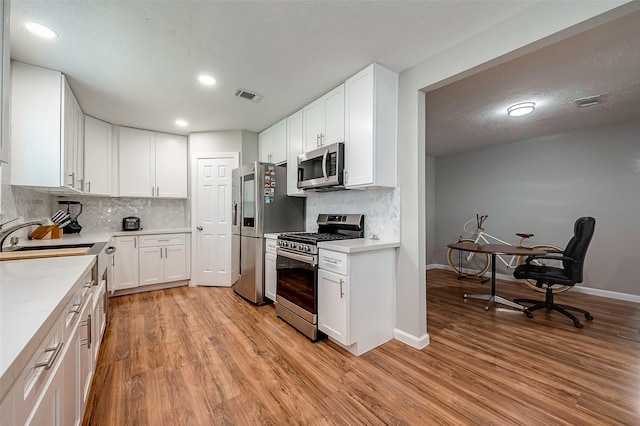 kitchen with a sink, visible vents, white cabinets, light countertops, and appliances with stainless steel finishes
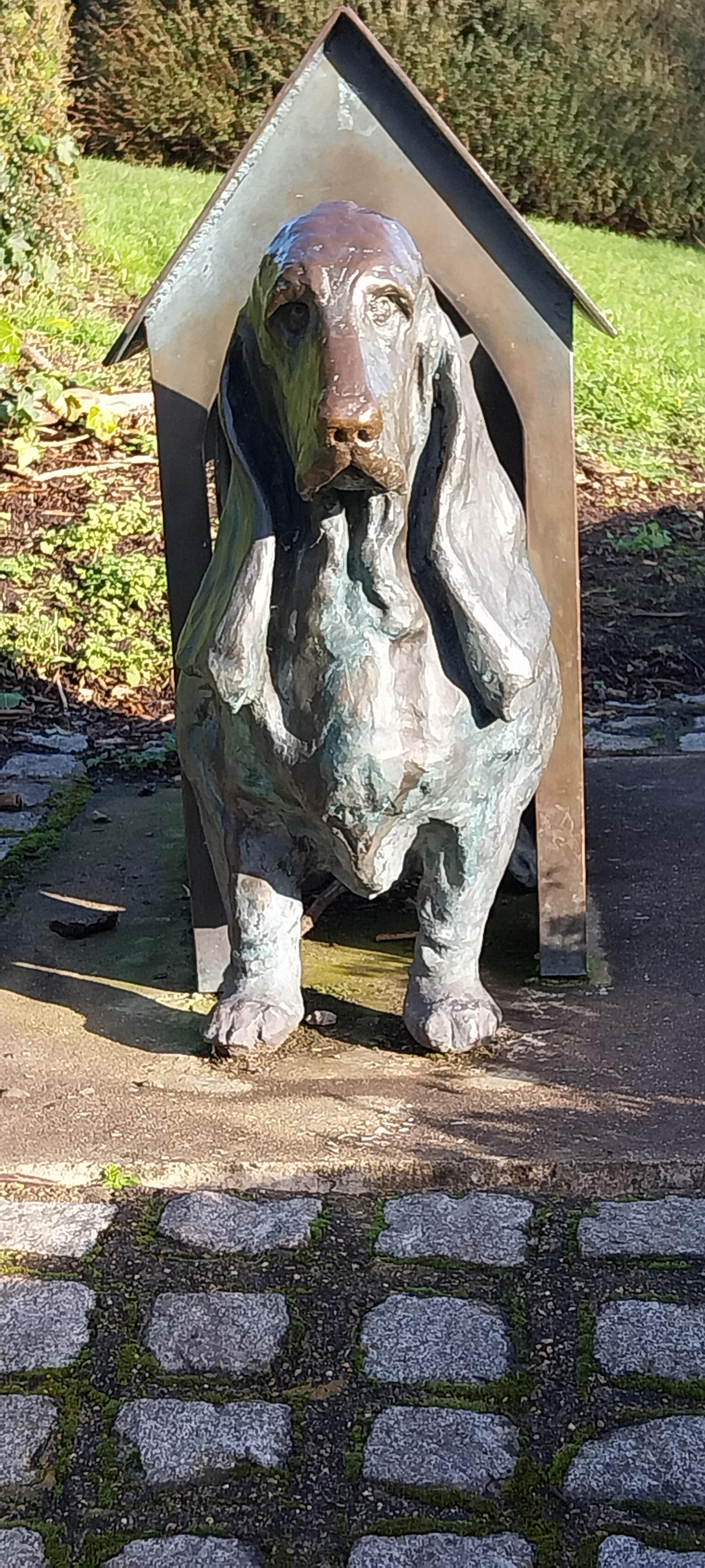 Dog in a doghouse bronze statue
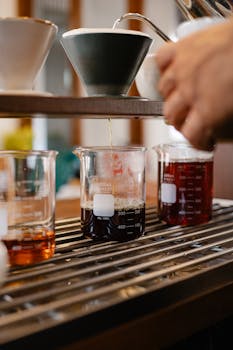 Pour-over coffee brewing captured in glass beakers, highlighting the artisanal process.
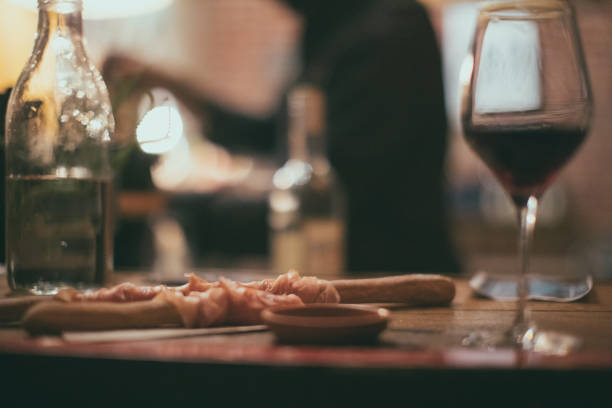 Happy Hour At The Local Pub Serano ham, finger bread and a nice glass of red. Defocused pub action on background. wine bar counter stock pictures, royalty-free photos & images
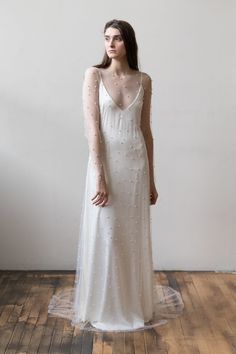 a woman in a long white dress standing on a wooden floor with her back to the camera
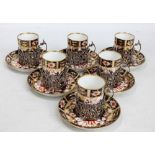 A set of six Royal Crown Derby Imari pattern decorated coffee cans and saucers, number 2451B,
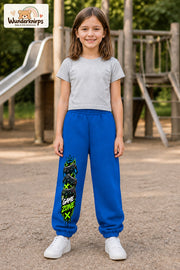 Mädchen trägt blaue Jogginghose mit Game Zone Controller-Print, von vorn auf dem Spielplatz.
...
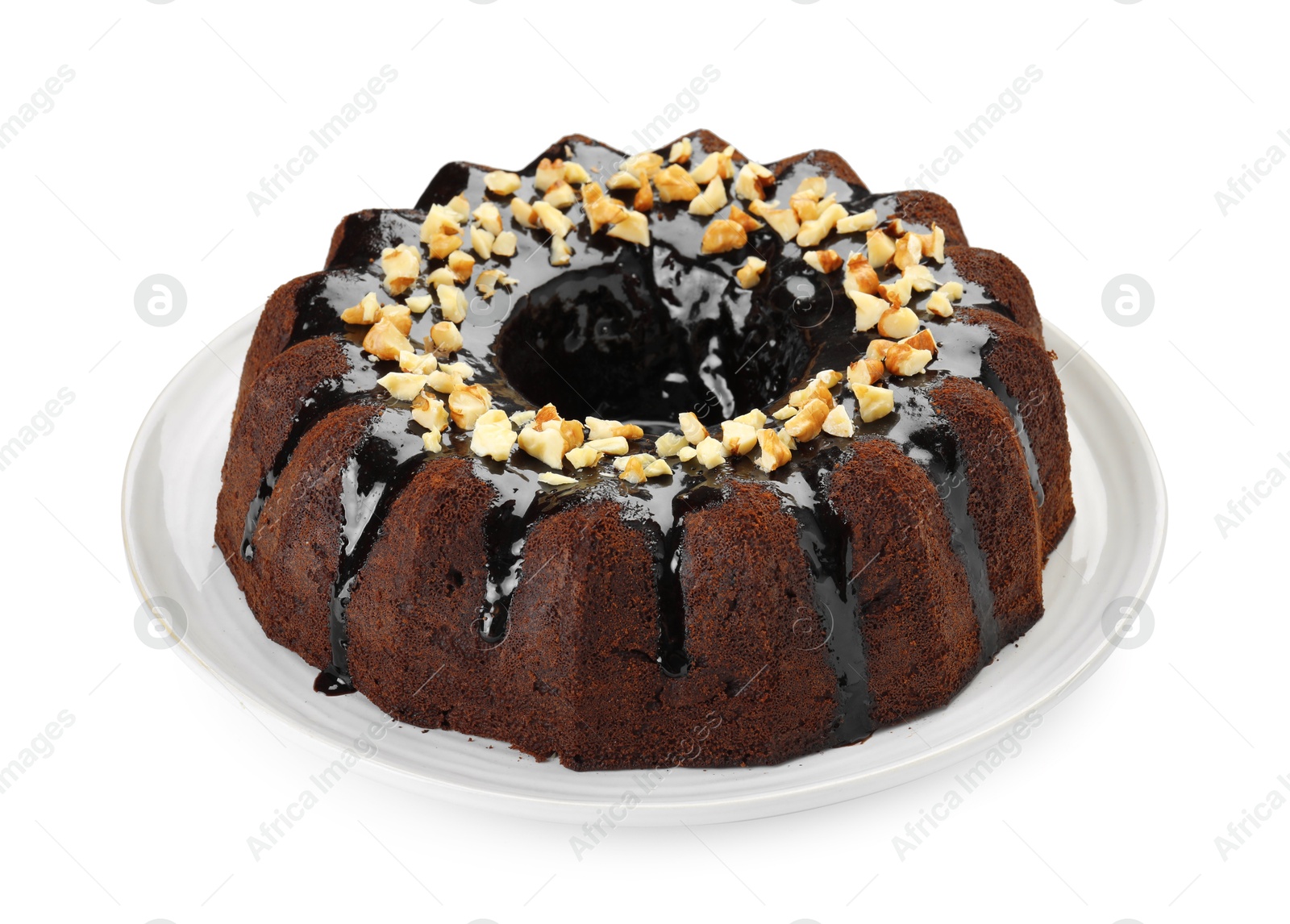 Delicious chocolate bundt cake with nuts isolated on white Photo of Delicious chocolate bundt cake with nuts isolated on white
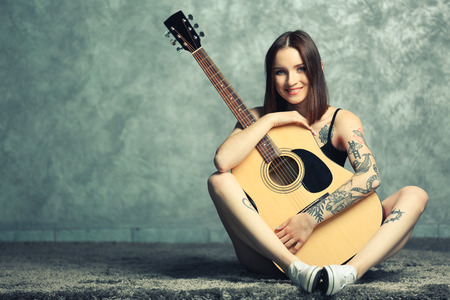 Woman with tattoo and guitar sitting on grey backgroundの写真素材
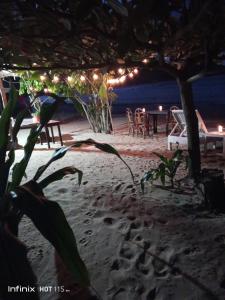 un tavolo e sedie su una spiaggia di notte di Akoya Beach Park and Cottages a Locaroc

» PROBLEM TO WORK ON: From the records above, output only the lines starting at the one containing "Delicious chocolate bundt cake with nuts isolated on white Photo" and ending at the one containing "un tavolo e", word for word. Pictures stay out.

» ANSWER:
 Delicious chocolate bundt cake with nuts isolated on white Photo of Delicious chocolate bundt cake with nuts isolated on white
 Woman with tattoo and guitar sitting on grey backgroundの写真素材
 un tavolo e sedie su una spiaggia di notte di Akoya Beach Park and Cottages a Locaroc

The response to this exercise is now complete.